Having read the Perfect 10 v. Google decision, I agree with Fred von Lohmann’s analysis of it: this is a basically solid decision that goes off the rails because Judge Martz didn’t seem clear on the relationship between Google Image Search and AdSense.
Here’s how those two products work: Google Image Search is a search engine for images. It does not serve ads. AdSense is a third-party ad program whereby any website on the Internet can allow Google to place ads on their site in exchange for a cut of the revenues. The relationship between these programs is… well, there isn’t really a relationship, except they’re both Google products. Sometimes users find infringing pages using Google Image Search that have AdSense ads on them. The court decided this was evidence that Google Image Search was profiting off of infringement.
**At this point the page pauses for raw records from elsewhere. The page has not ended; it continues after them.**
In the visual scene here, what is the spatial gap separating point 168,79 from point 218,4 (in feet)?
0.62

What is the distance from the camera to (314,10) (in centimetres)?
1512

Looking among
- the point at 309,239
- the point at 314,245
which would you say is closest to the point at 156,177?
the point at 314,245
But that’s ridiculous. Google Image Search doesn’t give any particular preference to web sites that serve up AdSense ads. And AdSense serves up ads regardless of what search engine brought the user to the site. If Google cancelled Google Image Search altogether, there’s little reason to think AdSense would suffer financially–users would likely find the same pages using other search engines.
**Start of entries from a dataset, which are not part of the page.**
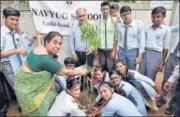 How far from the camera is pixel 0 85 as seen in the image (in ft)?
12.1

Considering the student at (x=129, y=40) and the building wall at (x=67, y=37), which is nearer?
the student at (x=129, y=40)

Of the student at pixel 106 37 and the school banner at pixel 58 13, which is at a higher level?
the school banner at pixel 58 13

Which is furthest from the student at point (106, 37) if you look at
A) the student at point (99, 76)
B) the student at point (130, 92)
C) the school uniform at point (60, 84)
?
the school uniform at point (60, 84)

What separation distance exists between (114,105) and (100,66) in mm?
1212

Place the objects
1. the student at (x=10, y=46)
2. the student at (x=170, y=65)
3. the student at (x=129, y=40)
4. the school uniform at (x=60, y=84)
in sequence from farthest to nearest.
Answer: the student at (x=129, y=40) → the student at (x=10, y=46) → the school uniform at (x=60, y=84) → the student at (x=170, y=65)

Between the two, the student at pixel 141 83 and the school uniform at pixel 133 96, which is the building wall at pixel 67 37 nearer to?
the student at pixel 141 83

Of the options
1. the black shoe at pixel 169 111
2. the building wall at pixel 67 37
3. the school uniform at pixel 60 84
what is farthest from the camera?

If this standard is to be taken seriously, search engine companies are going to have to divest themselves of all other online services that might involve infringing copyrights. Yahoo! will have to sell off GeoCities. Microsoft will have to stop selling IIS, its web server.
Google Image Search and AdSense are unrelated products. It makes no sense to consider them as a single product for the purposes of fair use analysis. That should be obvious to anyone with substantial experience using the web. It seems like a reasonable assumption that Judge Matz isn’t the most Internet-savvy guy around.
Update: Oops! It looks like I imagined an “r” in Judge Matz’s name. Sorry!